The drive to south point was a different experience too. The land got very dry and grassy, and the wind was intense! The guidebooks say that the wind blows constantly here, and the land is not much use except for grazing cattle. The sand is fine and brown, and gets in your eyes and ears and mouth. It isn’t what you expect to see in Hawaii! Once we got
almost to the end of the road, there was a turn-off where quite a few people were fishing off the high cliffs. Take a look at the pictures - try to imagine the strong wind trying to blow you off, combined with the height of the cliffs……it was really crazy!

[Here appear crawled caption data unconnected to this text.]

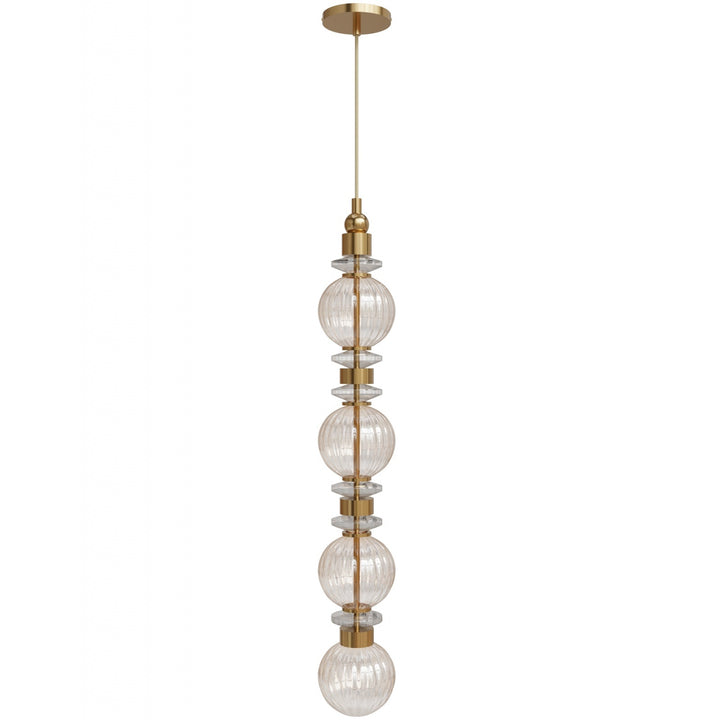 Avenue Lighting Avra 36"H Stacked LED Pendant HF7904-AB in Aged Brass/Clear Glass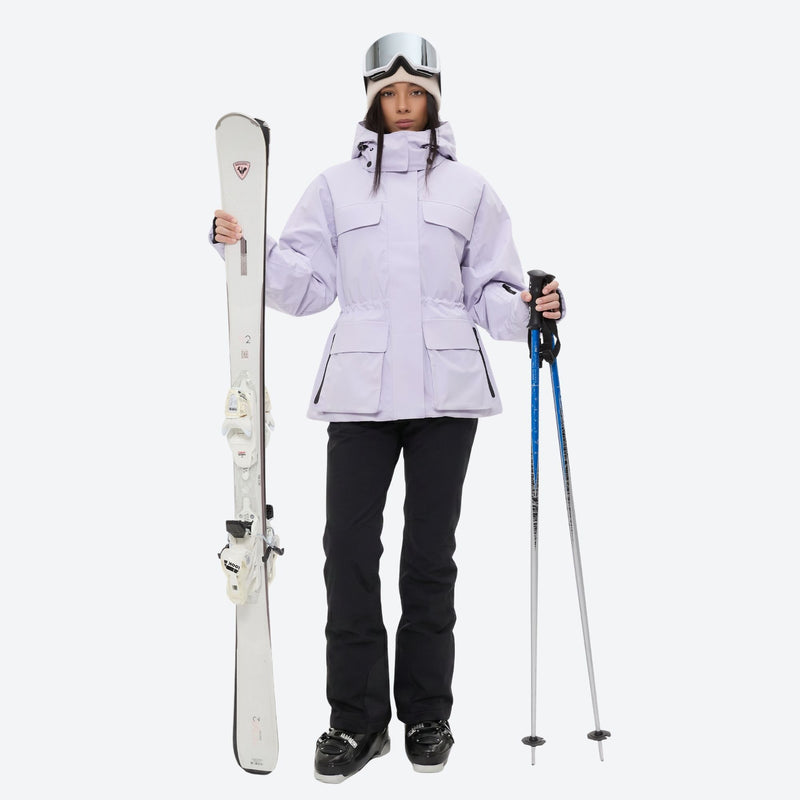 Women's belted snow jacket with suspender pants - lavender jacket with black pants, for cold-weather winter sports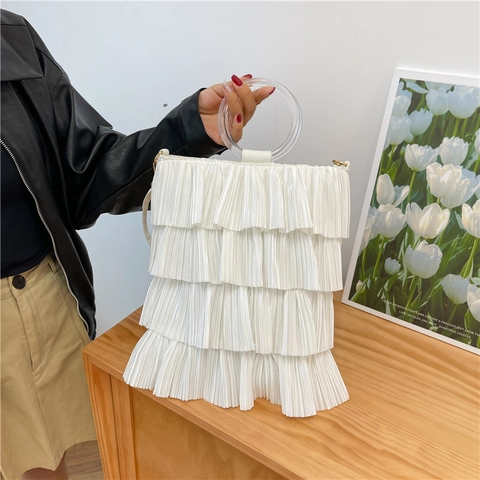 Borsa A Spalla Pieghettata Da Donna Con Manico Circolare E Tracolla Rimovibile Borsa A Mano Con Volant Elegante
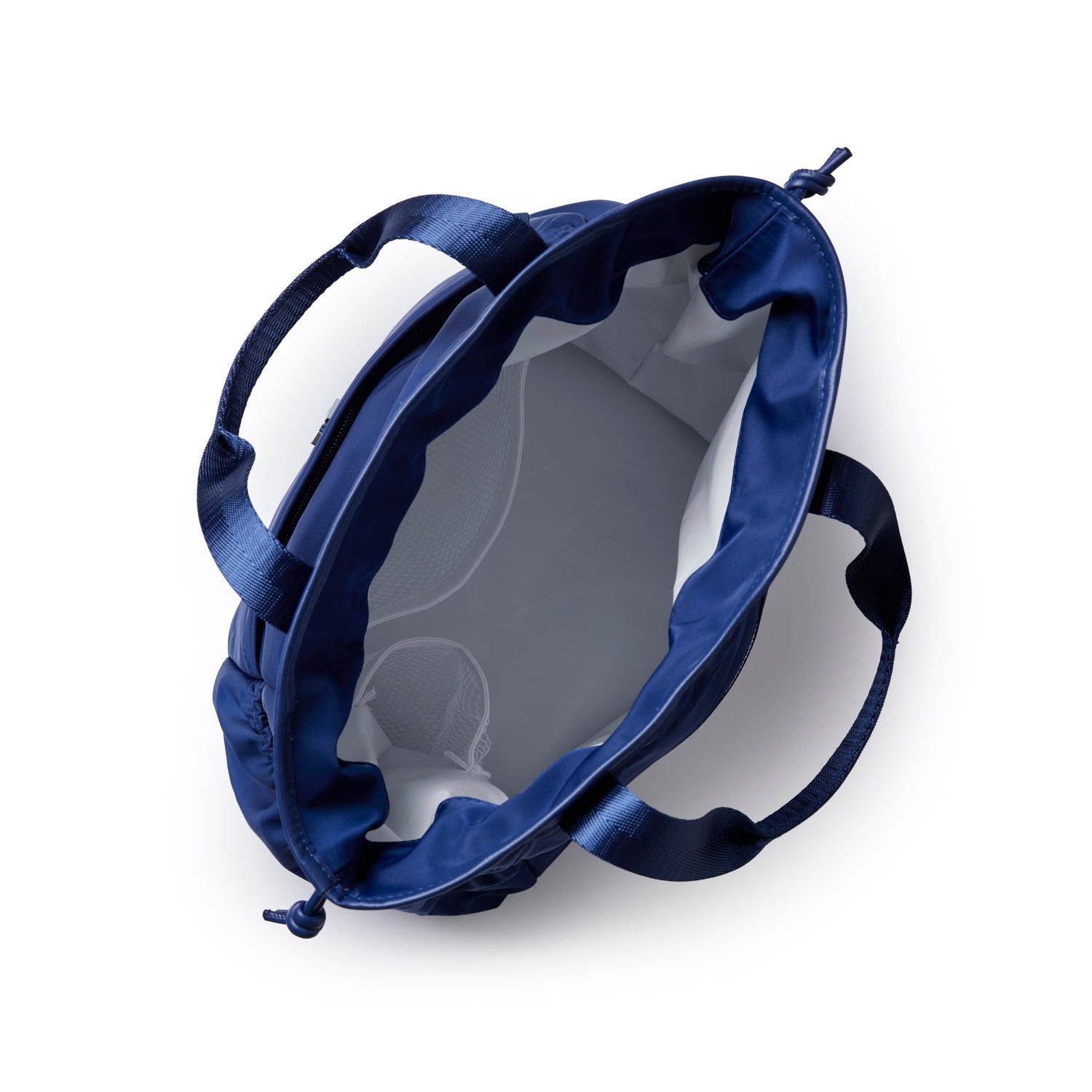 Navy nylon lunch bag with a spacious interior and sturdy handles for easy carrying and stylish storage.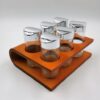 Θήκη Μπαχαρικών Σε Ξύλινη Βάση Με 6 Γυάλινα Βαζάκια 19x16xY11εκ.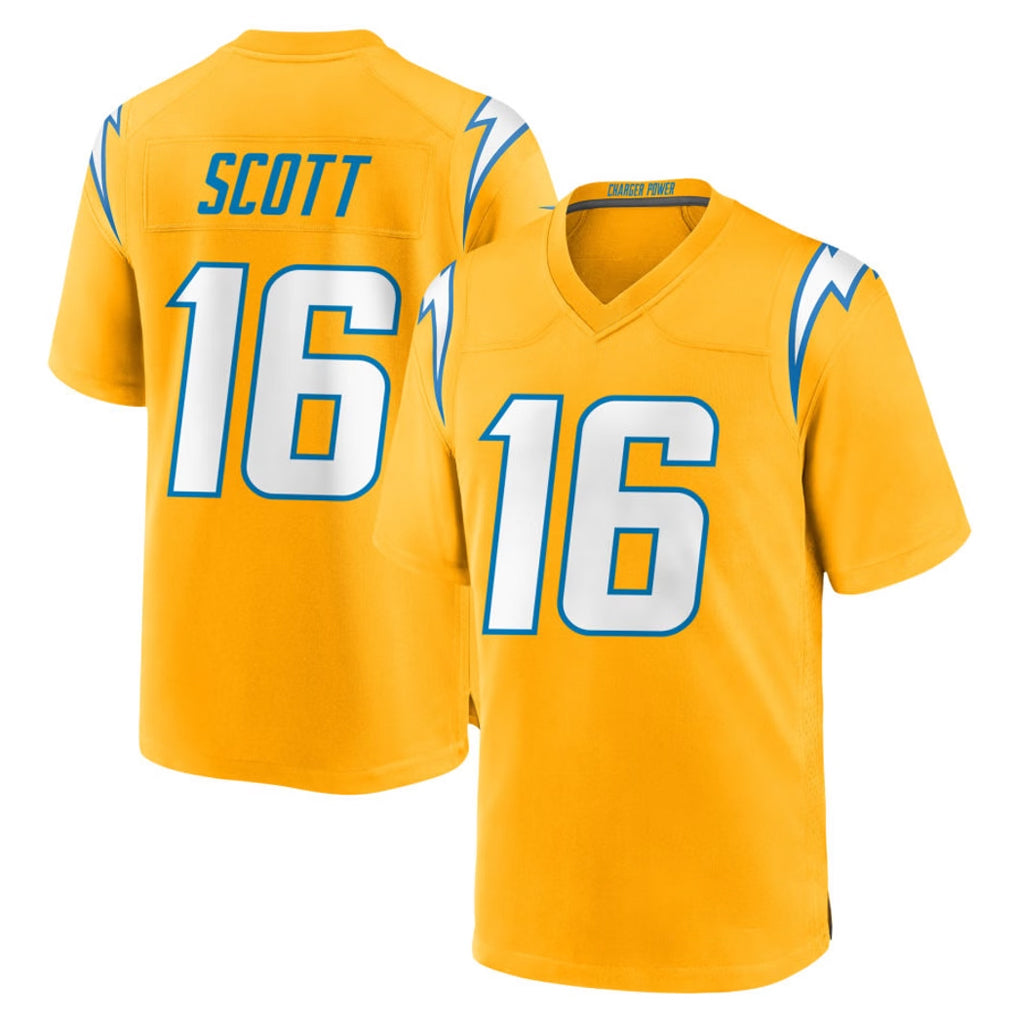 LA.Chargers #16 J.K. Scott Player Gold Home Game Odoa Stitched Jerseys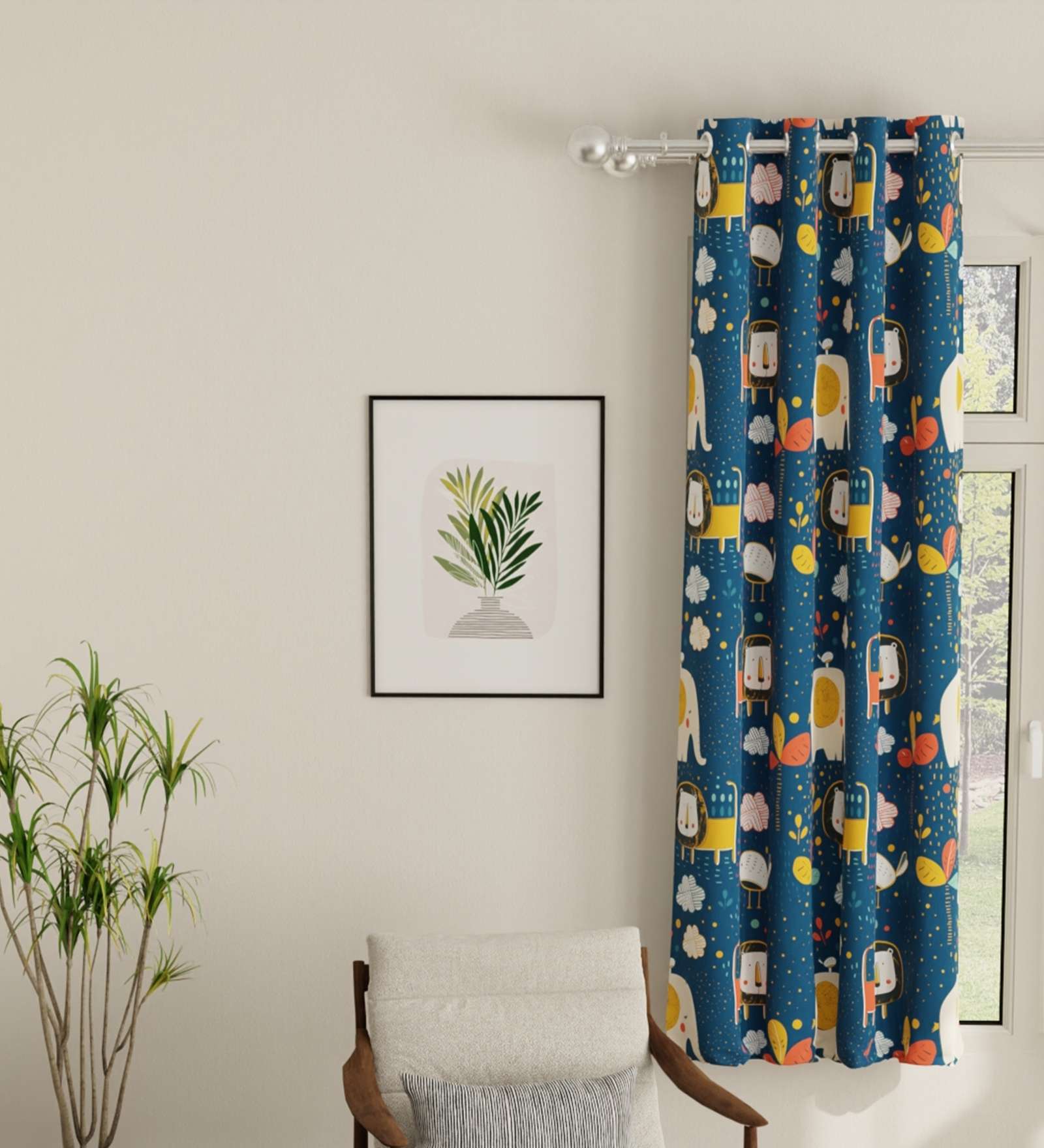 Lion King Blue Printed Polyester Curtains for Window Pack of 2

We tried to find the green sand beach - signs are slim to none to direct you - and finally got on the right road to the parking area (little dirt spot where some cars were pulled off) at the extreme southernmost point of the island, and the most southern part of the USA. We started out, as the guide book said it was a 2-mile hike, but after climbing over the rocky uneven road for a few minutes, and talking to some people who had gone farther, and feeling the wind and grit in our faces trying to push us backwards (we couldn’t even talk to each other without shouting, the wind was that strong), we decided against it. There was a bit of greenish looking sand on the road, and some folks told us that was the same as the beach sand, so we gave up. It
took two days of heavy rain over in Hilo to get the brown dirt off the car!
Then we went on to the black sand beach at Punaluu Beach Park. It was easy to find and didn’t involve a hike. The sand is created from the ocean waves breaking up the volcanic rock into black sand. The day we were there, three or four green sea turtles were resting on the beach. There were signs everywhere reminding people that the turtles are protected, and not to get closer than 15 feet from them. People are so stupid! They were going right up to them, almost touching them, to get their pictures. We were talking to a resident of the island who was watching over them, and who said that this happens all the time. As long as the turtles aren’t touched or harassed though, I guess it is OK. He offered to take our picture on the beach with the turtle close by.
All in all, it was a long drive, and a long day, but another wonderful day in Hawaii!